Exercise directions:
Exact copies of all the lines below are required, with the pictures omitted.

= = = = = = =

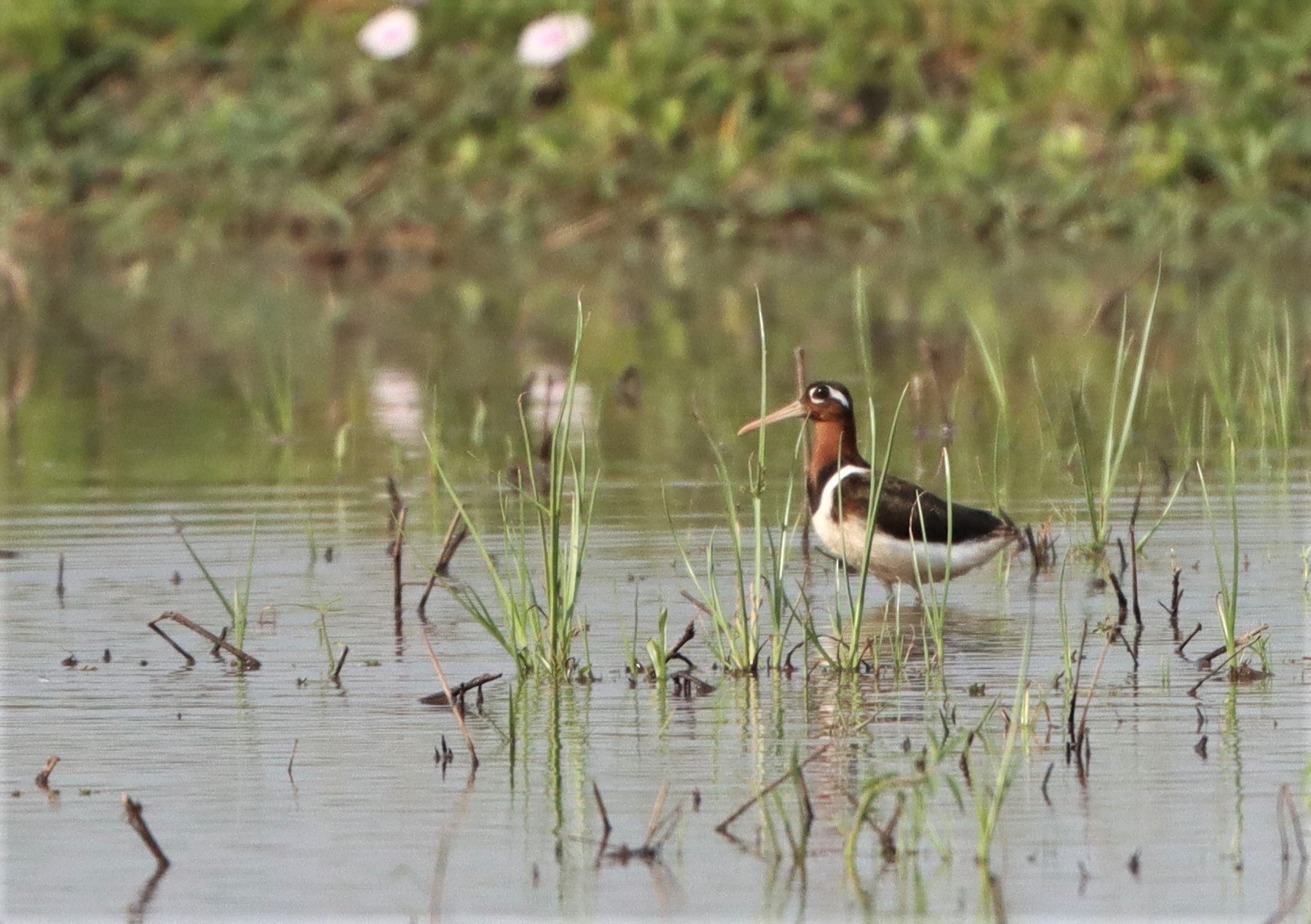 SNIPE - GREATER PAINTED SNIPE - Rostratula benghalensis - PATHUM THANI RICE RESE (73).JPG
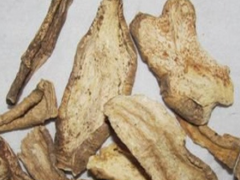 山海螺的功效与药用价值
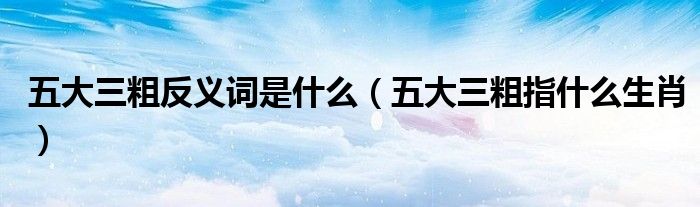 五大三粗反义词是什么(五大三粗指什么生肖)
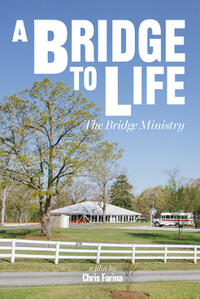 A Bridge to Life (2025) Movie Poster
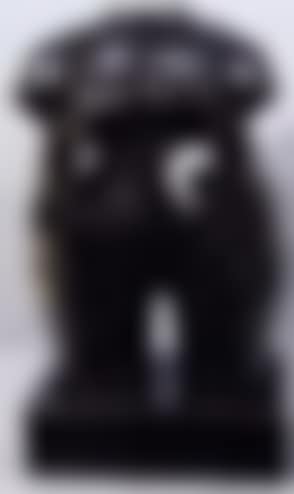 Torso of a woman (preview)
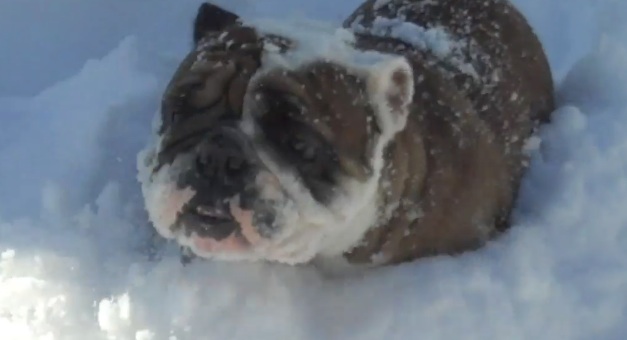 Snow Part 2 — Rumble: 1, Snow:1, Hella: 0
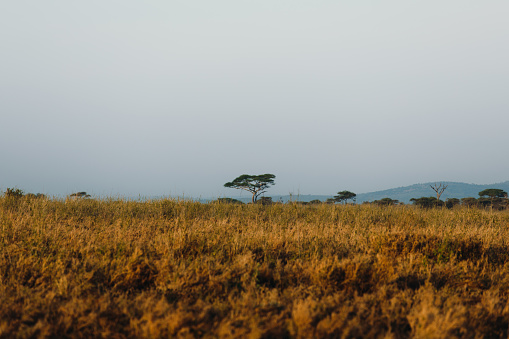 Scenic view of sunrise above the wild savannah and lonely tree in Serengeti National park, Tanzania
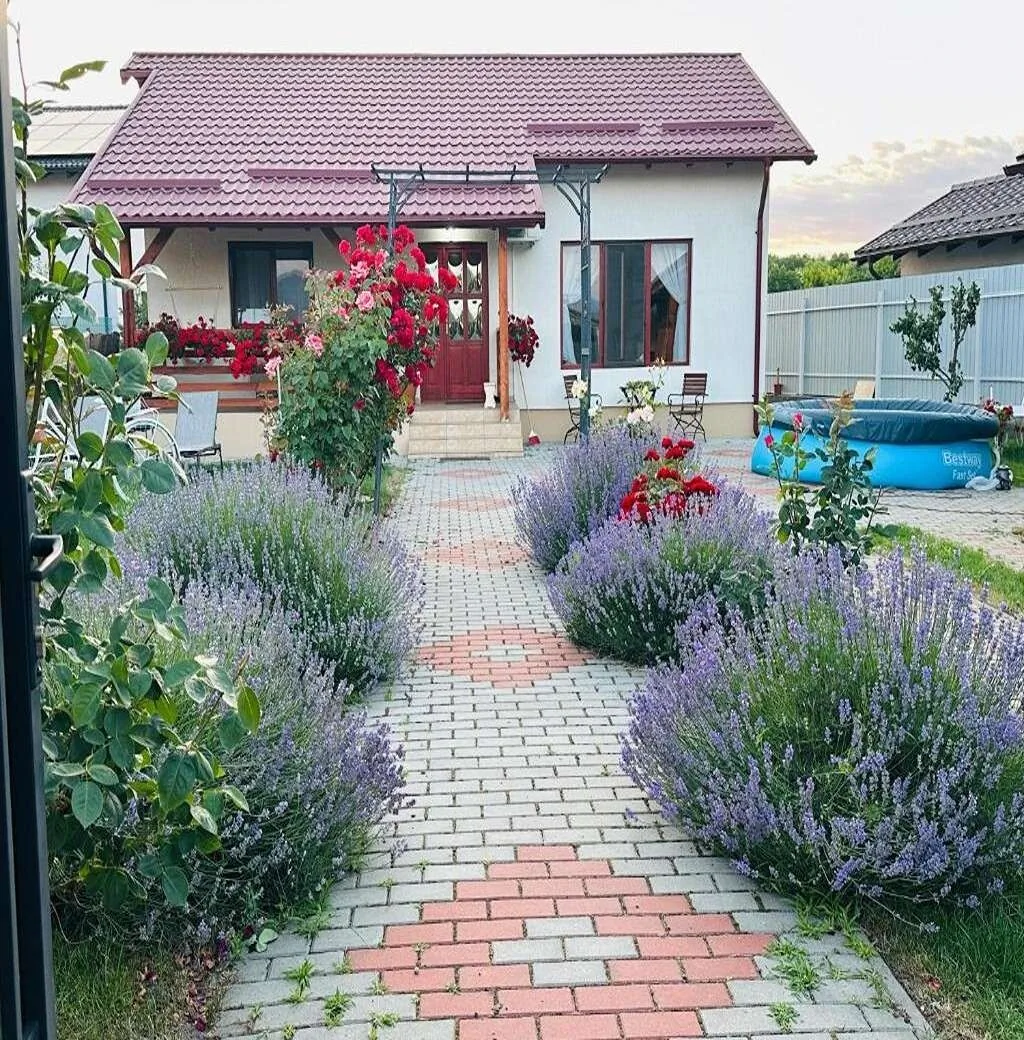 Casa de vacanță Mountain View House Brașov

= = = = = = =

Exercise solution:
 SNIPE - GREATER PAINTED SNIPE - Rostratula benghalensis - PATHUM THANI RICE RESE (73).JPG
 山海螺的功效与药用价值
 五大三粗反义词是什么(五大三粗指什么生肖)
 A Bridge to Life (2025) Movie Poster
 Torso of a woman (preview)
 Snow Part 2 — Rumble: 1, Snow:1, Hella: 0
 Scenic view of sunrise above the wild savannah and lonely tree in Serengeti National park, Tanzania
 Casa de vacanță Mountain View House Brașov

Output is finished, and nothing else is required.